We talk at length about linguistic typology and all the weird and wonderful tendencies that human languages seem to have. We also talk a little on Láadan, the language for women that our own token woman isn’t too fond of (philosophy-wise, anyway).
Featured Conlang: Láadan
First, could you post the link to Bianca’s conscript rant page?
Second, a very interesting discussion on “judging” conlangs. Of course, this is an old discussion, and not one that is going to go away any time soon, but I would suggest that there’s an additional element that’s not often taken into account: effort. For example, most people, if they go into a museum of modern art, will say, “I could throw something like that in 10 minutes from the junk in my garage!” Yes, there’s the message that the artist may be wanting to convey, but it’s a (universal, I believe) human trait to devalue that which is mass-produced, quickly made, with (apparently) little thought or effort put into its execution., especially if it has little to no utilitarian value. So in the case of modern art (especially the worst excesses), any message will be lost to the knee-jerk reaction, “This is junk, and someone actually paid good money for this?”

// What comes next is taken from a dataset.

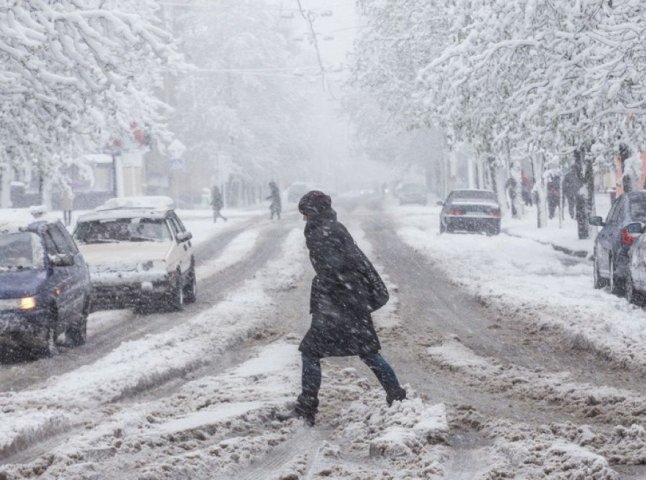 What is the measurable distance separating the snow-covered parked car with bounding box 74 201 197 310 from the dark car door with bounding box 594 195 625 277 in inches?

Now, very few conlangers are getting paid to create conlangs, and the Secret Vice is most likely to remain firmly within the realms of amateurs (in the best, original sense of the word) for a long time to come. However, I think that we can attach a fundamental value to effort when it comes to conlanging. It’s not about whether a conlang is “good” or “bad”, but the value we attach to it. I think it’s safe to say that generally speaking, a conlang “sketch” will be found to be of lesser value than something that has been a labor of love for years, decades even. We naturally find higher value in a conlang that has more detail and shows signs that a lot of time and mental energy has been invested in it; we might not like it for aesthetic reasons, but we can still admire it and find value in it, because the conlanger invested value into it. All a sketch can offer is a passing, “Oh, that’s clever.”
That’s not to say that a sketch has no value, just lesser. The value of a sketch is precisely in it’s ability to make us pause and say, “That’s interesting, I’d like to see that idea fleshed out some more and put into practice.” But what we’re really doing is valuing the idea. A mature conlang (or maturing–are they ever finished?), on the other hand, will be valued for what it is, in and of itself.